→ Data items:
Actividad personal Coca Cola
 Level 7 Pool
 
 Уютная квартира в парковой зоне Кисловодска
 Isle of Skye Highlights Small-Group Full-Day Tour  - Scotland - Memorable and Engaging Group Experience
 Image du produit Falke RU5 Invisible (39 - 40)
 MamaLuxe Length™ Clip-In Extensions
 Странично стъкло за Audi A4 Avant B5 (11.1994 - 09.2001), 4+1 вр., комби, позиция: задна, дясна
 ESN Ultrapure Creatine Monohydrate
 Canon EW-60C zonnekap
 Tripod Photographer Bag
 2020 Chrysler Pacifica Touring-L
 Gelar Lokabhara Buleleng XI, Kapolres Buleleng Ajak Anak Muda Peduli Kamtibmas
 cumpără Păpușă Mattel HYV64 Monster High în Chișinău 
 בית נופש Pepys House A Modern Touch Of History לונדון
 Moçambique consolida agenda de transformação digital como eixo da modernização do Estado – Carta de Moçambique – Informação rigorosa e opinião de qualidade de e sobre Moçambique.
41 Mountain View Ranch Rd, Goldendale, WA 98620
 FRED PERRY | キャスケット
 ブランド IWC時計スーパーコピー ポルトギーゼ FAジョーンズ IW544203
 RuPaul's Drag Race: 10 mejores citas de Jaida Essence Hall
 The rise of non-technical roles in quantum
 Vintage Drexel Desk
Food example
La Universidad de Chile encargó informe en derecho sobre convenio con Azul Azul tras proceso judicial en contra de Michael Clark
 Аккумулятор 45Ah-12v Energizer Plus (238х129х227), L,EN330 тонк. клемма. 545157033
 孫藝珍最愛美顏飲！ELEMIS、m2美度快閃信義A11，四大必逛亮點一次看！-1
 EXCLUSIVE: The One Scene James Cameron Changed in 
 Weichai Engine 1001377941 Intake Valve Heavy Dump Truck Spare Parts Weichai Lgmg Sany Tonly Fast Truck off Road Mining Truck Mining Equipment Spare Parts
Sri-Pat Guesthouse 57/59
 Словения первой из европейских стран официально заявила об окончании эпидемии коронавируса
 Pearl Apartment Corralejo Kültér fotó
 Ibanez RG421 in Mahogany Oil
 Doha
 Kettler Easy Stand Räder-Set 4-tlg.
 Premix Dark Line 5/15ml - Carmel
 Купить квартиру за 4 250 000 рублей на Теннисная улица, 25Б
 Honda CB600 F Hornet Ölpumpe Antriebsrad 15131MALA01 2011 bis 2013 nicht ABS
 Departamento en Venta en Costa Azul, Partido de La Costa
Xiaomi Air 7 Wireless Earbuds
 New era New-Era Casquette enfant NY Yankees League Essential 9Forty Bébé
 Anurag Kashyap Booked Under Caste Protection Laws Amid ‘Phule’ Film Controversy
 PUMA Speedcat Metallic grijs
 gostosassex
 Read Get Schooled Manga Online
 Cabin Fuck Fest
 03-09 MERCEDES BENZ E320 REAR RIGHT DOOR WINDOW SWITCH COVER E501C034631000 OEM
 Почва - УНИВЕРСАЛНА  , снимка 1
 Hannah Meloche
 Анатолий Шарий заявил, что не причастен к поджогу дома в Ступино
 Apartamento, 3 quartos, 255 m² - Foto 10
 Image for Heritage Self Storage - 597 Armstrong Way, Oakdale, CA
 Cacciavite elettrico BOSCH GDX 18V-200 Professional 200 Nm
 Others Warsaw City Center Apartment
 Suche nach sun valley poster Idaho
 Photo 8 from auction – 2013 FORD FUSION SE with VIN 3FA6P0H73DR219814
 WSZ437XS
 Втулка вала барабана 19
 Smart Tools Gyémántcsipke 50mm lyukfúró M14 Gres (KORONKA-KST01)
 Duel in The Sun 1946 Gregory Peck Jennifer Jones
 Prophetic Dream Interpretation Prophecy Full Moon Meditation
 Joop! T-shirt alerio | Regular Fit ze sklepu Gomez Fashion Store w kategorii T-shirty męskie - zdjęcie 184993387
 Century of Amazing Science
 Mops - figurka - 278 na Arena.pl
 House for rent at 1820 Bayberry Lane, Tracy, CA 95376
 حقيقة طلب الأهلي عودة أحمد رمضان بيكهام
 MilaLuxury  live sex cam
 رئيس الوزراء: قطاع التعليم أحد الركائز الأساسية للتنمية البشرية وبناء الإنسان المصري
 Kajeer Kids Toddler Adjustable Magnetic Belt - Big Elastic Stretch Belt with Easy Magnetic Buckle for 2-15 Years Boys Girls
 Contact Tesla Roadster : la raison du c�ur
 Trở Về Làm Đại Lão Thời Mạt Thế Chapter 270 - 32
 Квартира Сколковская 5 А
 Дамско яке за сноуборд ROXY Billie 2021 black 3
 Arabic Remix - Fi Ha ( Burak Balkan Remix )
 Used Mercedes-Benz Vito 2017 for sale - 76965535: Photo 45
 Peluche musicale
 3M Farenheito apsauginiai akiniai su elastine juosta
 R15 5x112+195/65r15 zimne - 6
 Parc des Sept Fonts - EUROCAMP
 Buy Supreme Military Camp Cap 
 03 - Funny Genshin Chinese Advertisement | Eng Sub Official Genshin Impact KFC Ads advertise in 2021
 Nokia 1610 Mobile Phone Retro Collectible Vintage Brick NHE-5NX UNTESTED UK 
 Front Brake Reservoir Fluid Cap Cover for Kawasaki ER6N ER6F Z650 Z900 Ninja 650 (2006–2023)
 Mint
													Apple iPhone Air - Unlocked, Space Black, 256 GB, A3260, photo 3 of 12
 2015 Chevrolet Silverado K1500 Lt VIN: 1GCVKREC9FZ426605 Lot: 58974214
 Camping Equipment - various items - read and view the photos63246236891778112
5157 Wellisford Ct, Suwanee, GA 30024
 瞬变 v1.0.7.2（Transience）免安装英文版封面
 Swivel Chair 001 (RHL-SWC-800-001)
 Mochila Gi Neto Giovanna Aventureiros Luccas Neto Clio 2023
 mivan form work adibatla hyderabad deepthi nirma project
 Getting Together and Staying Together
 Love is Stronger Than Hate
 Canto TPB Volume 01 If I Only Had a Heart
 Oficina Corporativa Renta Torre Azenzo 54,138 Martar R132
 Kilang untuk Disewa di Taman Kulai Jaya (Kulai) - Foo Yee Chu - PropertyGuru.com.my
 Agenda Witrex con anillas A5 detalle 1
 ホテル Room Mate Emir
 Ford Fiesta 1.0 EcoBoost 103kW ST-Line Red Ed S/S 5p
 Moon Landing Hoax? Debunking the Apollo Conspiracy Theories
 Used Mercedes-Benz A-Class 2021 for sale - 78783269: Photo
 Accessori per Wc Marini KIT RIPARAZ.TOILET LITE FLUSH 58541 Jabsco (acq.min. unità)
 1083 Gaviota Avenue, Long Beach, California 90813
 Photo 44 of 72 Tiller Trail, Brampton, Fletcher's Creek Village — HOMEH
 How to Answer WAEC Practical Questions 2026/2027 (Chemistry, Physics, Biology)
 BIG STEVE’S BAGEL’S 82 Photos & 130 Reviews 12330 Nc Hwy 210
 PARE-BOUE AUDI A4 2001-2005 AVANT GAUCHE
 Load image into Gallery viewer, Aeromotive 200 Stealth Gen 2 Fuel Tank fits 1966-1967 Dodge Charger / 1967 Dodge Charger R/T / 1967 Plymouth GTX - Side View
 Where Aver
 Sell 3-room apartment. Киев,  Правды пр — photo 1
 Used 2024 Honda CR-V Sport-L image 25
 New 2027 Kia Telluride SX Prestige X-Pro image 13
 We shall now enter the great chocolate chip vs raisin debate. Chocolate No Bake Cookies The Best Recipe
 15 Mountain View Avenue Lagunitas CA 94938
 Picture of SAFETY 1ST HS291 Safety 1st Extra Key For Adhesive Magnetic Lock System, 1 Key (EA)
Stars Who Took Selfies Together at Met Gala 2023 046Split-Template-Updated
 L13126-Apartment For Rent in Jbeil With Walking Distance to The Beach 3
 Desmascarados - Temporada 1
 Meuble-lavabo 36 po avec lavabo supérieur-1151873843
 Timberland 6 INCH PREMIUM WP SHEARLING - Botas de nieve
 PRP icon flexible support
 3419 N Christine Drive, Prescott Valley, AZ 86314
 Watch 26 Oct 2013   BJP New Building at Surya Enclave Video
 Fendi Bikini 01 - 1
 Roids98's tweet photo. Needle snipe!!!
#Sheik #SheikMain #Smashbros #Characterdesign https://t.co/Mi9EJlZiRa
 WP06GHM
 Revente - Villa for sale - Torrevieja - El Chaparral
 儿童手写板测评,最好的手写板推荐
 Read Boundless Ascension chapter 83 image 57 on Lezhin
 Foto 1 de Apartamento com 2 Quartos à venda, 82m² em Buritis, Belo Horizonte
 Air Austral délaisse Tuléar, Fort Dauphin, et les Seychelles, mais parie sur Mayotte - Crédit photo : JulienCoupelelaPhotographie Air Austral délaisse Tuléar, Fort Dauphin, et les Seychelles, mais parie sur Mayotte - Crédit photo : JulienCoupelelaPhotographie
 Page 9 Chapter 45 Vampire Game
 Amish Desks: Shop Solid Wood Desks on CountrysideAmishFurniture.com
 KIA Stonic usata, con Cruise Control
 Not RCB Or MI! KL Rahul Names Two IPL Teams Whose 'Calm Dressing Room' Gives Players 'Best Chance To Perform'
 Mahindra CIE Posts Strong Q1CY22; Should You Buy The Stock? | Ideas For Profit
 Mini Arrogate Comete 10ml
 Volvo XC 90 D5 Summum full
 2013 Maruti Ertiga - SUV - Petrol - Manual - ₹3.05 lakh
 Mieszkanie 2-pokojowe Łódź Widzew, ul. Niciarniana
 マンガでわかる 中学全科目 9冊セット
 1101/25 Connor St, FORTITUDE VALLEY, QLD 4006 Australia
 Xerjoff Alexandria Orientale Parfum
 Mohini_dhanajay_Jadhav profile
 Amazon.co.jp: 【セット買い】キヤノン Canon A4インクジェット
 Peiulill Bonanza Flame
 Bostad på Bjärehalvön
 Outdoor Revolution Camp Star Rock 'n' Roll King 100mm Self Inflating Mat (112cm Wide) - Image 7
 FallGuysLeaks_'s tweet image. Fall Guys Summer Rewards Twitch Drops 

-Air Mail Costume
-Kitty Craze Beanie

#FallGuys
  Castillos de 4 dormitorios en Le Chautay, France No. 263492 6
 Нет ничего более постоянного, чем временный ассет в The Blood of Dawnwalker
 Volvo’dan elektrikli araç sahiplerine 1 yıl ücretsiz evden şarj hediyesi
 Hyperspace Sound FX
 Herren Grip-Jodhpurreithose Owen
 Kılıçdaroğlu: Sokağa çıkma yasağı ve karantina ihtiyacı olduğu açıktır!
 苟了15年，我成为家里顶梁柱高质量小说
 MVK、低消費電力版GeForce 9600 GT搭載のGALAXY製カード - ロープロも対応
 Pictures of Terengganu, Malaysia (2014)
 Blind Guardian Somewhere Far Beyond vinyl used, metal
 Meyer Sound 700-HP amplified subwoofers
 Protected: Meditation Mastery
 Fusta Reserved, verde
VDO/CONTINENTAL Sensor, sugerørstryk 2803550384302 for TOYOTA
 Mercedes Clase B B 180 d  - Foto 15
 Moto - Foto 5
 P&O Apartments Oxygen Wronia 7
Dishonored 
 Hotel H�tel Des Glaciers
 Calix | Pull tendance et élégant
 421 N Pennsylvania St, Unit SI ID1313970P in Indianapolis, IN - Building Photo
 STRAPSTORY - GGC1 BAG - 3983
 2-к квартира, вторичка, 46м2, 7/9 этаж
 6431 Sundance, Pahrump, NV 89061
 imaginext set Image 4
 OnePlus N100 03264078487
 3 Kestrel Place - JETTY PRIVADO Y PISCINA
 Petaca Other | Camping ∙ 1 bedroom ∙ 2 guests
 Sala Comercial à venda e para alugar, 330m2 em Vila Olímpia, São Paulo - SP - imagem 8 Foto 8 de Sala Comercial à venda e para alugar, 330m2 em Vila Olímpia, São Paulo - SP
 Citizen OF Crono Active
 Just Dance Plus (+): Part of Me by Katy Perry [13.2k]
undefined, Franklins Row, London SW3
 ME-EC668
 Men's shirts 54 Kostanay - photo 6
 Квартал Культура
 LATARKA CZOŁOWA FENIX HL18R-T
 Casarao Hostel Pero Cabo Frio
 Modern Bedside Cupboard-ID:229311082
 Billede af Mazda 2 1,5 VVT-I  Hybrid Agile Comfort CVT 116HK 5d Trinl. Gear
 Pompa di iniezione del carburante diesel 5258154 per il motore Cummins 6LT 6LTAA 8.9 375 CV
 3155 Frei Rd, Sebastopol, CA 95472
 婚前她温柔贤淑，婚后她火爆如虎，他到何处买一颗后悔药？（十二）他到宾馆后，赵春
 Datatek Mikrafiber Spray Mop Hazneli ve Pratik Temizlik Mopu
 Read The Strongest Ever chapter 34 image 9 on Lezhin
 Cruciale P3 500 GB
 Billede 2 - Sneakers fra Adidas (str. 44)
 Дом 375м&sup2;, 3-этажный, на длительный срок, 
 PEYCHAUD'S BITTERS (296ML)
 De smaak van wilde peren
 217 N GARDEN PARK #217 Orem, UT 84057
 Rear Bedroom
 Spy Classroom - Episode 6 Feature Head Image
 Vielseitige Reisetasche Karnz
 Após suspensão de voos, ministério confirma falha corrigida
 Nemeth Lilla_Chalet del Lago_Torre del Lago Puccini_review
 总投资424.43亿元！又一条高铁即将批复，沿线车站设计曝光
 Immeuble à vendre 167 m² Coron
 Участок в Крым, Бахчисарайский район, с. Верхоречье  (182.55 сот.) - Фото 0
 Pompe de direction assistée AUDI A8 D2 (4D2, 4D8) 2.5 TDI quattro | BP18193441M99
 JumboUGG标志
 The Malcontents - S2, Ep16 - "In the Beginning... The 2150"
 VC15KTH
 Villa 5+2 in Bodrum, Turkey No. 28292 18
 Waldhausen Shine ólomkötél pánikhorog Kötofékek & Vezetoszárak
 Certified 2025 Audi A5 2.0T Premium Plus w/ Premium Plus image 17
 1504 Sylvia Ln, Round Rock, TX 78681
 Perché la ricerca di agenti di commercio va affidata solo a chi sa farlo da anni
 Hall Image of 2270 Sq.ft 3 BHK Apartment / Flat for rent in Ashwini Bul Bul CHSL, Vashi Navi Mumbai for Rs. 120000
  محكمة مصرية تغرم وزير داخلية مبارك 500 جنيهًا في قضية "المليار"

→ What to work on: Using the entries above, output exactly the lines between the line holding "Stars Who Took" and the line holding "Mieszkanie 2-pokojowe Łódź", end lines included, and nothing more.

→ Response below:
Stars Who Took Selfies Together at Met Gala 2023 046Split-Template-Updated
 L13126-Apartment For Rent in Jbeil With Walking Distance to The Beach 3
 Desmascarados - Temporada 1
 Meuble-lavabo 36 po avec lavabo supérieur-1151873843
 Timberland 6 INCH PREMIUM WP SHEARLING - Botas de nieve
 PRP icon flexible support
 3419 N Christine Drive, Prescott Valley, AZ 86314
 Watch 26 Oct 2013   BJP New Building at Surya Enclave Video
 Fendi Bikini 01 - 1
 Roids98's tweet photo. Needle snipe!!!
#Sheik #SheikMain #Smashbros #Characterdesign https://t.co/Mi9EJlZiRa
 WP06GHM
 Revente - Villa for sale - Torrevieja - El Chaparral
 儿童手写板测评,最好的手写板推荐
 Read Boundless Ascension chapter 83 image 57 on Lezhin
 Foto 1 de Apartamento com 2 Quartos à venda, 82m² em Buritis, Belo Horizonte
 Air Austral délaisse Tuléar, Fort Dauphin, et les Seychelles, mais parie sur Mayotte - Crédit photo : JulienCoupelelaPhotographie Air Austral délaisse Tuléar, Fort Dauphin, et les Seychelles, mais parie sur Mayotte - Crédit photo : JulienCoupelelaPhotographie
 Page 9 Chapter 45 Vampire Game
 Amish Desks: Shop Solid Wood Desks on CountrysideAmishFurniture.com
 KIA Stonic usata, con Cruise Control
 Not RCB Or MI! KL Rahul Names Two IPL Teams Whose 'Calm Dressing Room' Gives Players 'Best Chance To Perform'
 Mahindra CIE Posts Strong Q1CY22; Should You Buy The Stock? | Ideas For Profit
 Mini Arrogate Comete 10ml
 Volvo XC 90 D5 Summum full
 2013 Maruti Ertiga - SUV - Petrol - Manual - ₹3.05 lakh
 Mieszkanie 2-pokojowe Łódź Widzew, ul. Niciarniana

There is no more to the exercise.